ACTIVITY: Where the line containing "6863 Boscanni Drive" appears in the records below, begin there and output each line verbatim through the last line.

RAW DATA:
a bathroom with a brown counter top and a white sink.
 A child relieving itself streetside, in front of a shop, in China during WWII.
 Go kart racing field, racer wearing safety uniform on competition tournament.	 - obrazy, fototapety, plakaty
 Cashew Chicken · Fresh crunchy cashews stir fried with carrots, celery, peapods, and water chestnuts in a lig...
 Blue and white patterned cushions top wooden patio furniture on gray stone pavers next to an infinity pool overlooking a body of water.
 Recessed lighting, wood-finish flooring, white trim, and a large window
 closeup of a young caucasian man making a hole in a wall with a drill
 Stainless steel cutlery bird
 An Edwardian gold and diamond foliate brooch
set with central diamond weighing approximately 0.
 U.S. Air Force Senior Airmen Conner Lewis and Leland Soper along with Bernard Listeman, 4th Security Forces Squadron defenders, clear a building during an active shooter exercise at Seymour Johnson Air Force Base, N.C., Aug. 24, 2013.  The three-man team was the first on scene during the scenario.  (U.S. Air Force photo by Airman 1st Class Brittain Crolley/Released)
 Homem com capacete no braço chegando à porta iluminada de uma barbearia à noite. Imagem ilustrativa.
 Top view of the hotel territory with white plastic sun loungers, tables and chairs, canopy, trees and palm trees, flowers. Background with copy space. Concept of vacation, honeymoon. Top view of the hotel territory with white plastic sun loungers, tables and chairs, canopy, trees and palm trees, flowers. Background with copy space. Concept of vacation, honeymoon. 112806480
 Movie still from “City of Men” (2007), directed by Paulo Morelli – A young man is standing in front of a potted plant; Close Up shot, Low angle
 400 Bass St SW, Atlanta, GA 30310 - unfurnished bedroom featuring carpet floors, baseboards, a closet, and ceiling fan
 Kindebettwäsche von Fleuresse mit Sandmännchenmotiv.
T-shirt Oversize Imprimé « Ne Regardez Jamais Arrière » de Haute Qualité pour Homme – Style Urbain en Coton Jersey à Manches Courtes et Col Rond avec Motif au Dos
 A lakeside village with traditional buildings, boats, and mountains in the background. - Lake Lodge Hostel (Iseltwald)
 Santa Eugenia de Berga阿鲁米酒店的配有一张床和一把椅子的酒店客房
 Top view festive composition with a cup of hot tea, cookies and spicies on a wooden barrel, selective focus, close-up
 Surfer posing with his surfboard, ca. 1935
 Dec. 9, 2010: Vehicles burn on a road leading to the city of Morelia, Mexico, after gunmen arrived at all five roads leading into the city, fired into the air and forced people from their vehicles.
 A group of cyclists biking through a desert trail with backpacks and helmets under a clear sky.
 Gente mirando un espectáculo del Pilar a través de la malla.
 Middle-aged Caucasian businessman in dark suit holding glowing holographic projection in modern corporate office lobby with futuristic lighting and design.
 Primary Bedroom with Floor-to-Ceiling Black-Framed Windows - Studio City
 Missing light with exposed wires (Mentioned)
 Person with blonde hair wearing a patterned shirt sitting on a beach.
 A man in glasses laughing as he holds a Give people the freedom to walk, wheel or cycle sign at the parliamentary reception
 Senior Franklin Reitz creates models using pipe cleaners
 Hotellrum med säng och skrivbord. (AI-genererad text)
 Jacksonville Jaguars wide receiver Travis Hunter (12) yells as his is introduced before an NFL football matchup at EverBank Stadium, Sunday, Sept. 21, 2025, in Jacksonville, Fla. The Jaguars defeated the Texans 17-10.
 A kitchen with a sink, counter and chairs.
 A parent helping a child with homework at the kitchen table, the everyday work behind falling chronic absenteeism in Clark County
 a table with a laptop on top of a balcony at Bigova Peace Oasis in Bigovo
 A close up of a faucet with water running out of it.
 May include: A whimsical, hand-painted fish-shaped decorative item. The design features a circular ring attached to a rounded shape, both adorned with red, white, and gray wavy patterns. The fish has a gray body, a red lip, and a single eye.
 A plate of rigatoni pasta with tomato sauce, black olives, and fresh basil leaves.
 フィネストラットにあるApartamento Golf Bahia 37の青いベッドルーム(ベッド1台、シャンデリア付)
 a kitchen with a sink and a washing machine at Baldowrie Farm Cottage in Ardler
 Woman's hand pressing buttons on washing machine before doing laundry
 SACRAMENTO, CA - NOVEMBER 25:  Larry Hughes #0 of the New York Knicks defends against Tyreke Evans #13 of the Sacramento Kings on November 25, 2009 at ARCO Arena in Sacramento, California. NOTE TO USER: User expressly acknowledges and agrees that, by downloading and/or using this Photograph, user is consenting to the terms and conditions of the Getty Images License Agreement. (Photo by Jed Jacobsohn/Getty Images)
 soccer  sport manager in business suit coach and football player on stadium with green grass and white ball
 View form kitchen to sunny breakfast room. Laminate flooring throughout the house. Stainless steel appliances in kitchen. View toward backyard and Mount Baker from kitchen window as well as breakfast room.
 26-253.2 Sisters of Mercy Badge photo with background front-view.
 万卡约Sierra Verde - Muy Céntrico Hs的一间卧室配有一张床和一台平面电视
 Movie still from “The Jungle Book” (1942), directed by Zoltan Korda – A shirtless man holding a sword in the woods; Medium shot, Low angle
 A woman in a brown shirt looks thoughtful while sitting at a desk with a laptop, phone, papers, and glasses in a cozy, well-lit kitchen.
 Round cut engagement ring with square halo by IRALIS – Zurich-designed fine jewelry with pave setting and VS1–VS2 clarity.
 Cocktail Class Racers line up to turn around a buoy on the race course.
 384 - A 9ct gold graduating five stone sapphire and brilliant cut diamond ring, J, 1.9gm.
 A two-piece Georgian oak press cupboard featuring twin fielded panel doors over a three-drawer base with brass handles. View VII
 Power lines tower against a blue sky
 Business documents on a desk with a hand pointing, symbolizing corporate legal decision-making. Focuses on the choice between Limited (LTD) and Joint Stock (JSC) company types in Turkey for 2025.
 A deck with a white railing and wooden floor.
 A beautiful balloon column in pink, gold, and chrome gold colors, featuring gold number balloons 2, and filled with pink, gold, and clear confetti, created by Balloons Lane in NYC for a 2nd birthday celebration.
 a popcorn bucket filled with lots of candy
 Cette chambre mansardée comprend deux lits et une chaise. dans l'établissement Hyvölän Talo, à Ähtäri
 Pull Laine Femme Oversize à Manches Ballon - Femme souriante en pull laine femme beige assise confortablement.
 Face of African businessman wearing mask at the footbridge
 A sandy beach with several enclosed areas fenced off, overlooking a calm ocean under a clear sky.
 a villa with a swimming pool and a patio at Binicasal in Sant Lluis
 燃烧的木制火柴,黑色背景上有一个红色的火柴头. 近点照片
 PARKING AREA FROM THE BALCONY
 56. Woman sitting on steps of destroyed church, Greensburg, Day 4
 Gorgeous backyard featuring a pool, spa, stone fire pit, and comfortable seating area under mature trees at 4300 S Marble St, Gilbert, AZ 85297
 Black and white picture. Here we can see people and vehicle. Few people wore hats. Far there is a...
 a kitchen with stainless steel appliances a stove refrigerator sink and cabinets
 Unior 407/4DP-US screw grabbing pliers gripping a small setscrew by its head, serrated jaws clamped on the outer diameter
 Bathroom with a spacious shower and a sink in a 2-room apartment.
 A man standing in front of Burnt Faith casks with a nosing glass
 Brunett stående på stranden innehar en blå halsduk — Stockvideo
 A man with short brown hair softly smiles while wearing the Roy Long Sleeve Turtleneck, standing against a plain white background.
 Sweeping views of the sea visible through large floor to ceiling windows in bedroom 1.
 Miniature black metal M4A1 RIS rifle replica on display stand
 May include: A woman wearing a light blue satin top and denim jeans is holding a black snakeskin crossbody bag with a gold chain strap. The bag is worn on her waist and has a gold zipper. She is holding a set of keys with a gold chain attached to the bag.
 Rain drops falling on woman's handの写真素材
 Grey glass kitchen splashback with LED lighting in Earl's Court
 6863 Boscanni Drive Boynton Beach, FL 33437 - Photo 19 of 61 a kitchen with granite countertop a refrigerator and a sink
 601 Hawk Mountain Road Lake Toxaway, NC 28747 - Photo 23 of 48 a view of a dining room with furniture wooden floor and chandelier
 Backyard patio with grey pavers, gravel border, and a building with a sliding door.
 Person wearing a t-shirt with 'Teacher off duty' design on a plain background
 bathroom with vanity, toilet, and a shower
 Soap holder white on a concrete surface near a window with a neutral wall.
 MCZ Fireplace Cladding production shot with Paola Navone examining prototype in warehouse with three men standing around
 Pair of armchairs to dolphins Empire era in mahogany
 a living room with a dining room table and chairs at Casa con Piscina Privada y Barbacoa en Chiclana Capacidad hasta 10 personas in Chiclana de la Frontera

THE ANSWER:
 6863 Boscanni Drive Boynton Beach, FL 33437 - Photo 19 of 61 a kitchen with granite countertop a refrigerator and a sink
 601 Hawk Mountain Road Lake Toxaway, NC 28747 - Photo 23 of 48 a view of a dining room with furniture wooden floor and chandelier
 Backyard patio with grey pavers, gravel border, and a building with a sliding door.
 Person wearing a t-shirt with 'Teacher off duty' design on a plain background
 bathroom with vanity, toilet, and a shower
 Soap holder white on a concrete surface near a window with a neutral wall.
 MCZ Fireplace Cladding production shot with Paola Navone examining prototype in warehouse with three men standing around
 Pair of armchairs to dolphins Empire era in mahogany
 a living room with a dining room table and chairs at Casa con Piscina Privada y Barbacoa en Chiclana Capacidad hasta 10 personas in Chiclana de la Frontera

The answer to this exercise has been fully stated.